Just because you don't fit into size 0 jeans, doesn't make you fat. If you are over weight, that's OK! You don't need makeup, not a little, not a lot to make you beautiful. You look great without it! So you have some type of weird issue with your eyes, or nose, or foot or whatever! You're just EXTRA special!

Don't let this stupid, ugly, horrid world break down your self-confidence. Because it's just silly to let it. This world sucks, you should know this by now. Watch five minutes of the news and it's quite obvious just how much this world sucks. So, knowing that, why are you letting it get to you? Be yourself! Roam free! So, Crystal won't like your new sweater, if you like it. WEAR IT!
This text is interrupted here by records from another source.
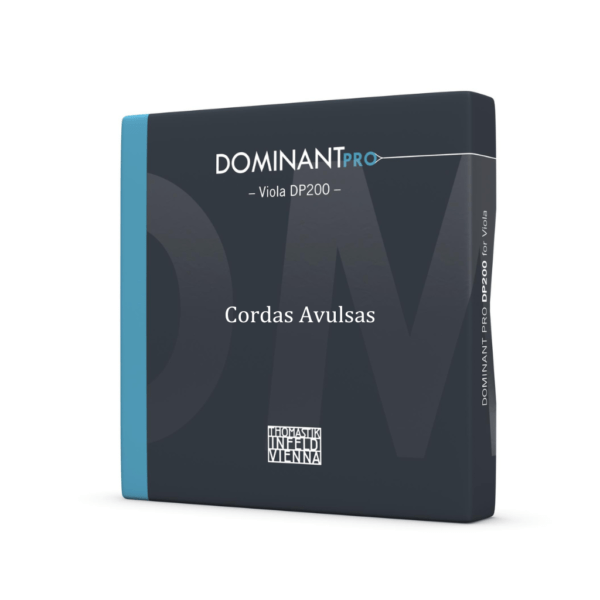 Cordas Avulsas Dominant Pro Viola Thomastik DP200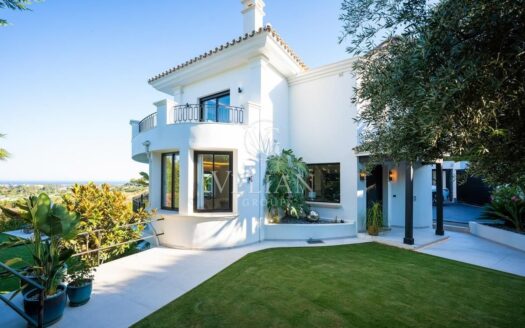 Chalets Independientes · Benahavis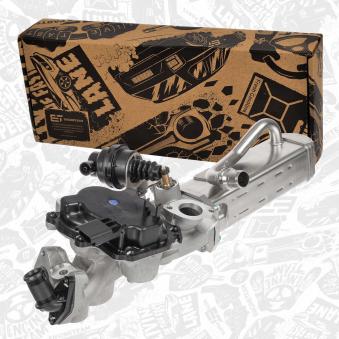 Module-EGR ET ENGINETEAM ED0300 pour CITROEN C5 2.2 HDI 200 - 204cv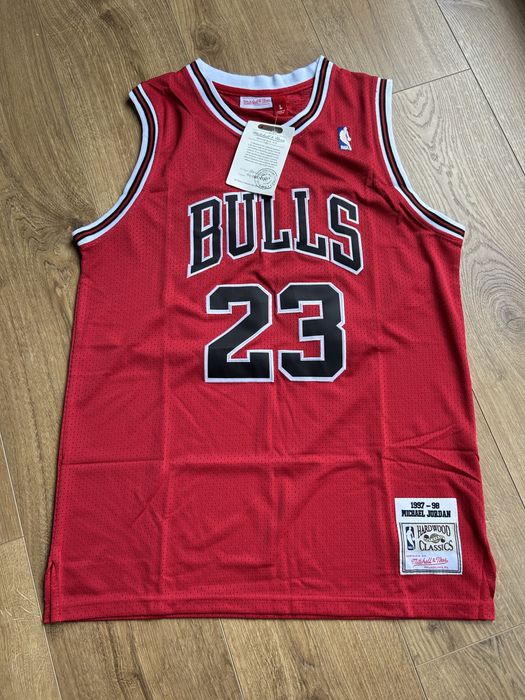 Koszulka Michael Jordan NBA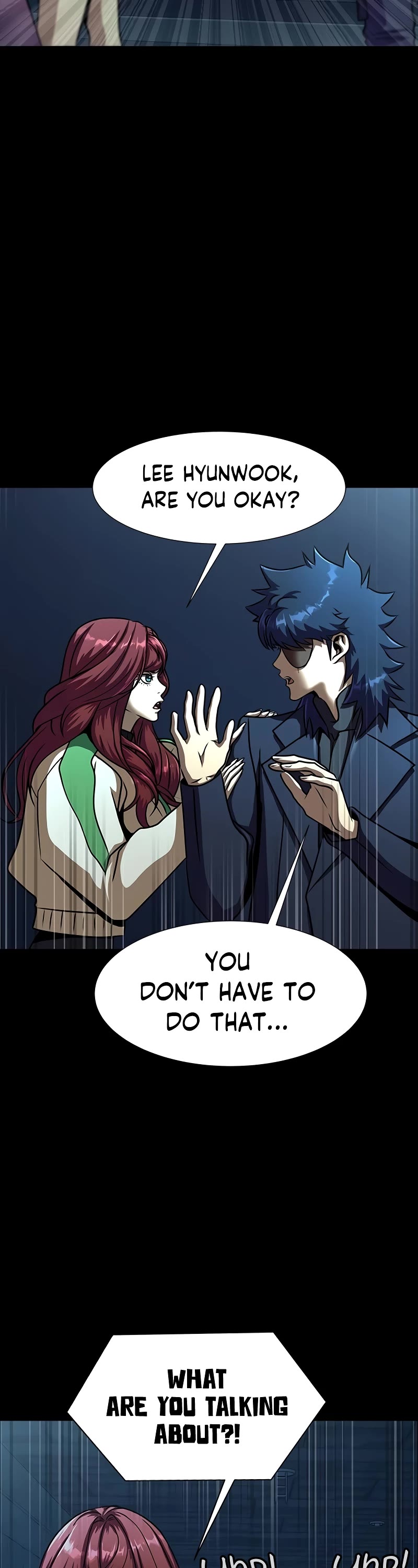 Steel-Eating Player Chapter 49 page 28 - Chapter 49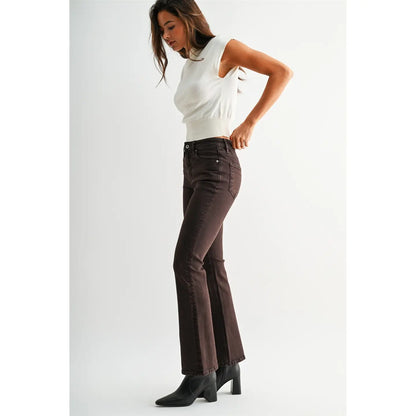 The Sienna Straight Leg Jeans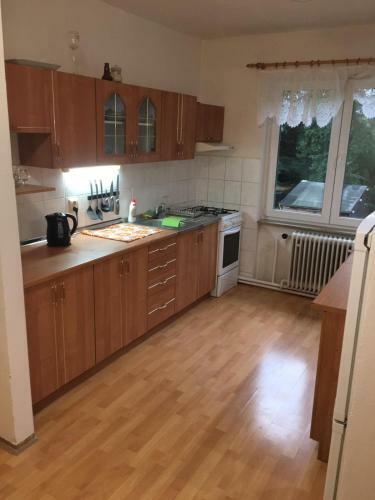 Apartamento Na Konci Sv?ta Janov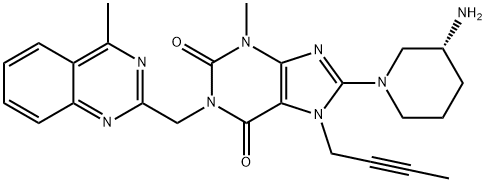 लिनाग्लिप्टिन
#3 So, I had/have this really bad shyness issue. I hate/d being around people. It just made/ks me uncomfortable. I mean.. it was/is BAD. Not nearly as bad now, as before. But, now that I'm learning, and have been just totally stopped caring what people think of me. I've realized. That when you're shy, and always worrying about what people will think of you and such. It's really boring, and you miss out on a lot.

So I'm tellin' ya know. Live your life. To the fullest. (Please, don't do illegal stuff though, that's no fun!) Get over your fears. Don't let them set you back, because you'll never get anywhere that way. Wait for the perfect timing and fly away. Enjoy your life, 'cause you only get one.


I'm done for now, and I'll let you know that I haven't proof read this because I currently have a few things to do before bed time. So, it may have some mistakes or jump around because this came straight from my mind. So, I apologize for that as well. =P

Take care,
Much love,
Me.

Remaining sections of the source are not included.